Short text fragments from websites:
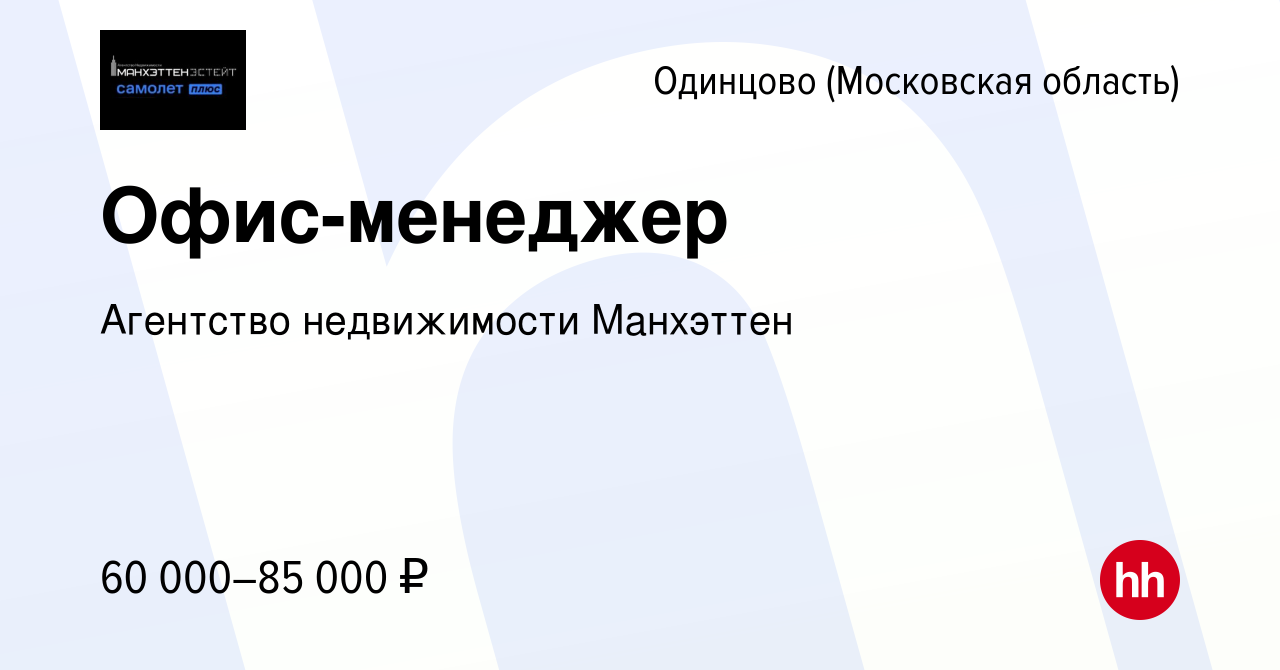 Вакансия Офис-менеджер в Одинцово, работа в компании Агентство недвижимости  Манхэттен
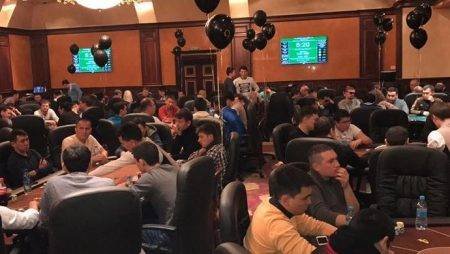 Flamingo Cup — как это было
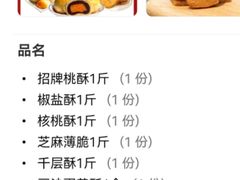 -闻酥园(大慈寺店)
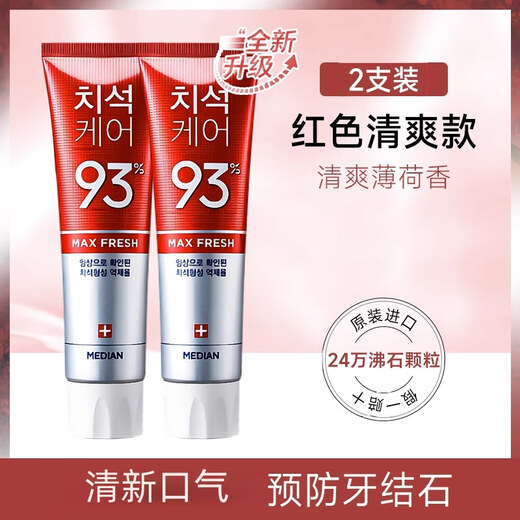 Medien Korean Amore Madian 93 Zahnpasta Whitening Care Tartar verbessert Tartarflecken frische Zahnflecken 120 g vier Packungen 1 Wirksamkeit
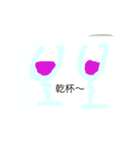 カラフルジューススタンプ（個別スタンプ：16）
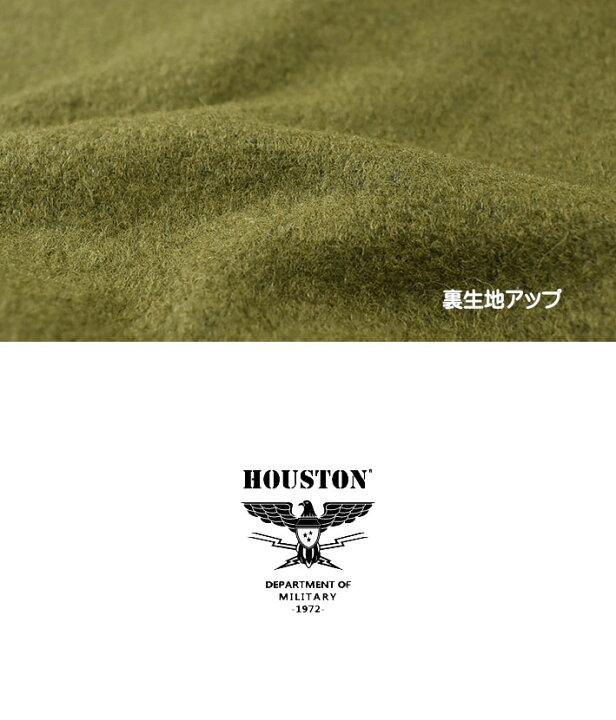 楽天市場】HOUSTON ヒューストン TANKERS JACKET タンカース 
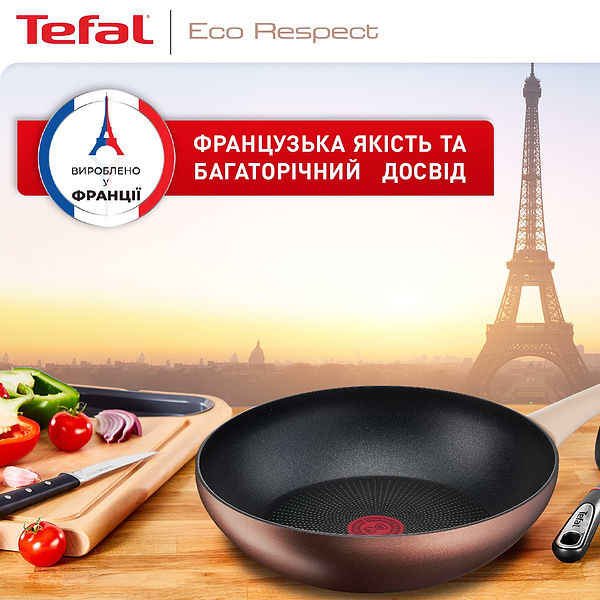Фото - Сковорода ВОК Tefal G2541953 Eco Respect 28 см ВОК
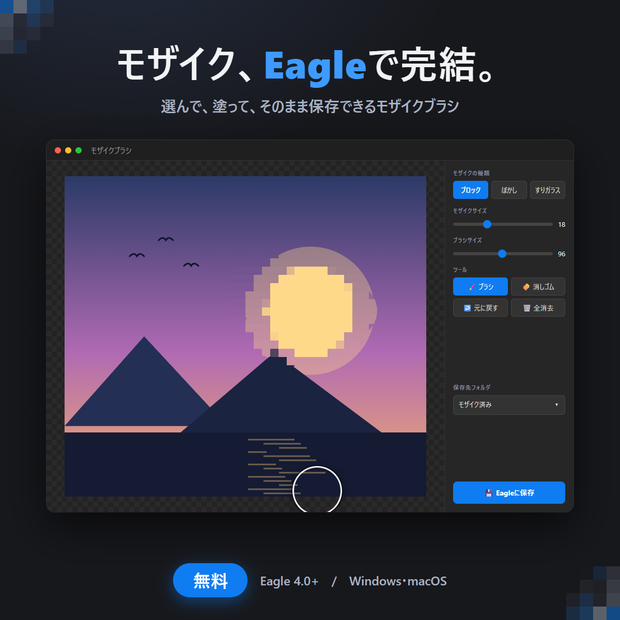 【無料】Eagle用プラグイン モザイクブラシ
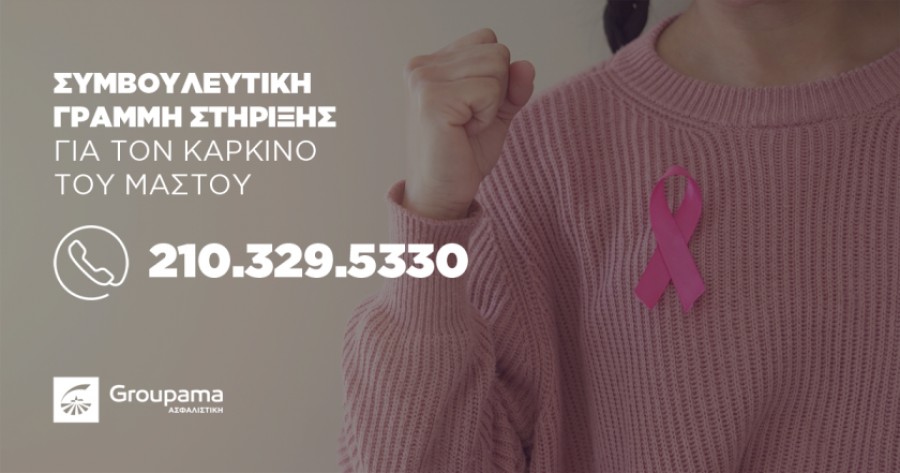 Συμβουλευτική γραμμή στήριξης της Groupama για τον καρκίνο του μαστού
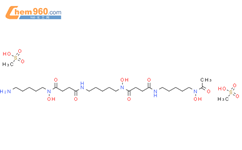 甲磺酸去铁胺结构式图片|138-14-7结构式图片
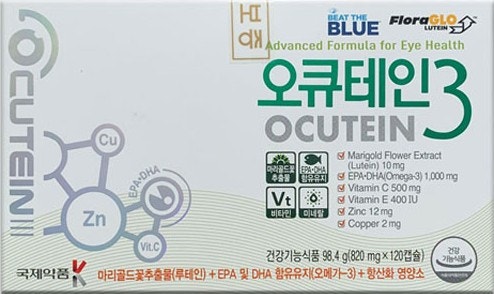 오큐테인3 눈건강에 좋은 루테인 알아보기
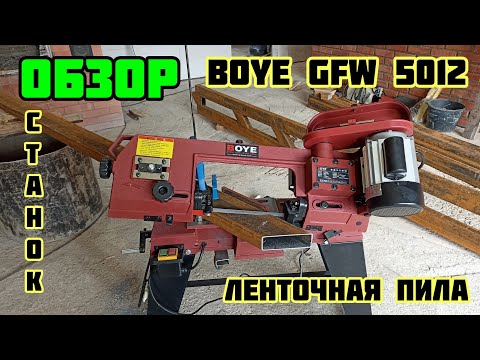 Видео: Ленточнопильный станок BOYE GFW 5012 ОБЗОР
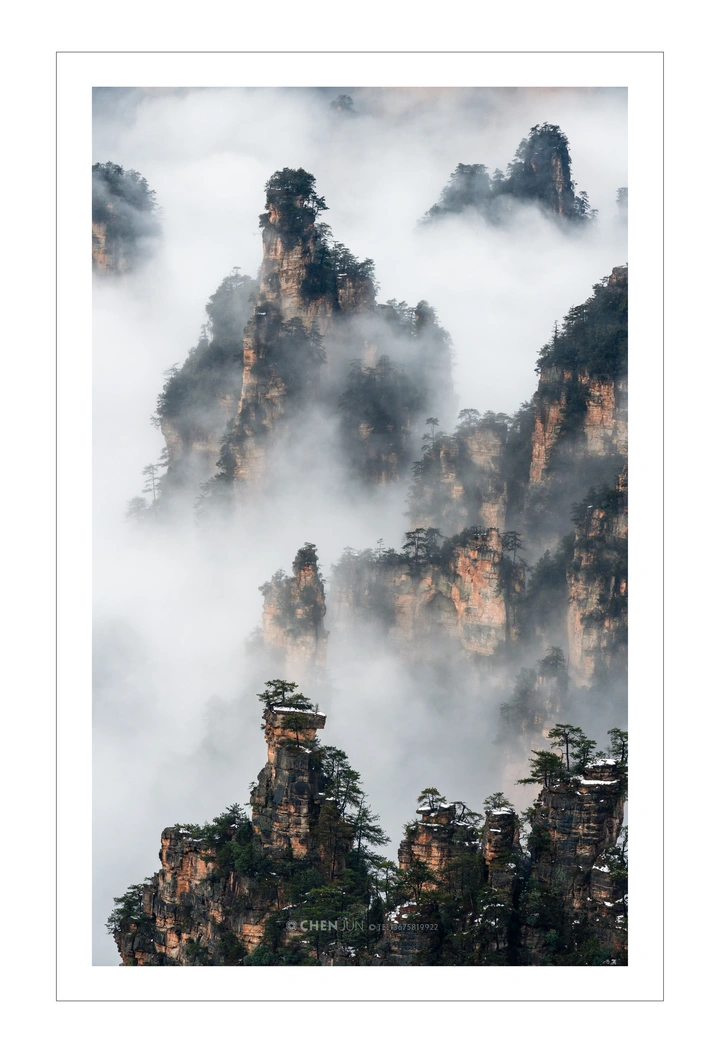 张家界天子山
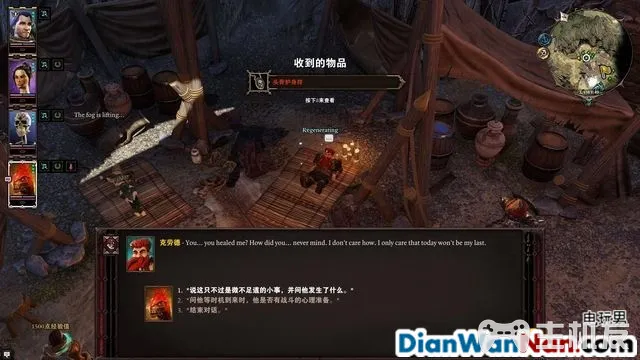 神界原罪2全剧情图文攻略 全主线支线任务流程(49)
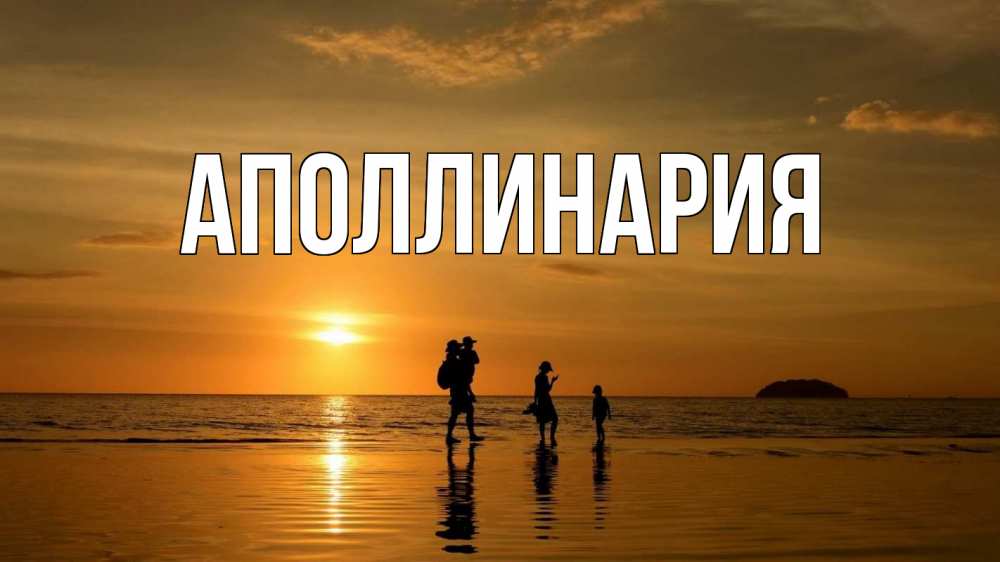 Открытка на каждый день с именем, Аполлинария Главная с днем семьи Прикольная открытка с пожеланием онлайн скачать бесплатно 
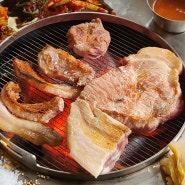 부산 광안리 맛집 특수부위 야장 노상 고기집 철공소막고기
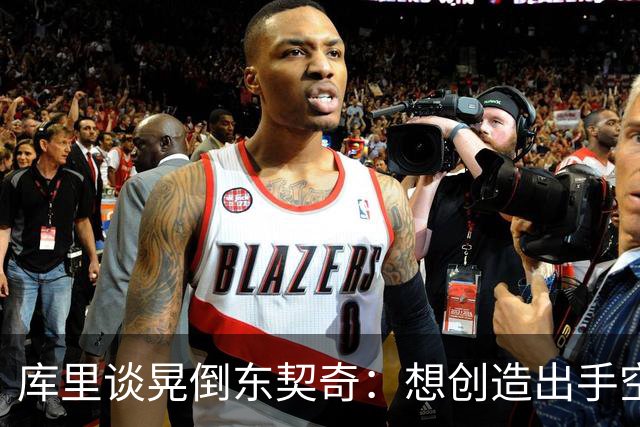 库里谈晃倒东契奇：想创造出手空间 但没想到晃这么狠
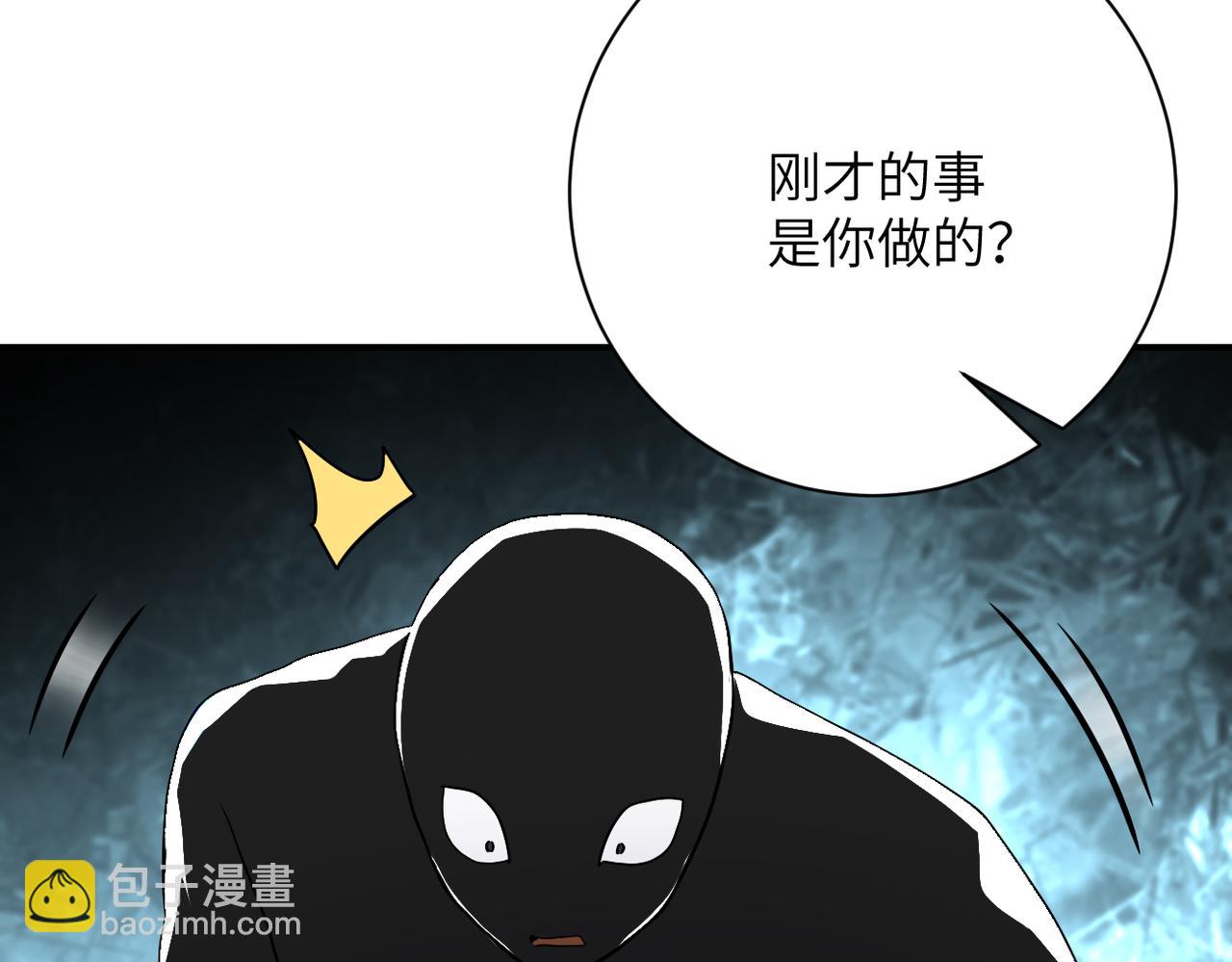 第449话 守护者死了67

• **What you will do**: Write the lines out exactly, beginning at the line that holds "부산 광안리 맛집 특수부위 야장 노상 고기집 철공소막고기" and stopping after the last line of the entries; include no pictures.

• **Answer to the problem**:
 부산 광안리 맛집 특수부위 야장 노상 고기집 철공소막고기
 库里谈晃倒东契奇：想创造出手空间 但没想到晃这么狠
 第449话 守护者死了67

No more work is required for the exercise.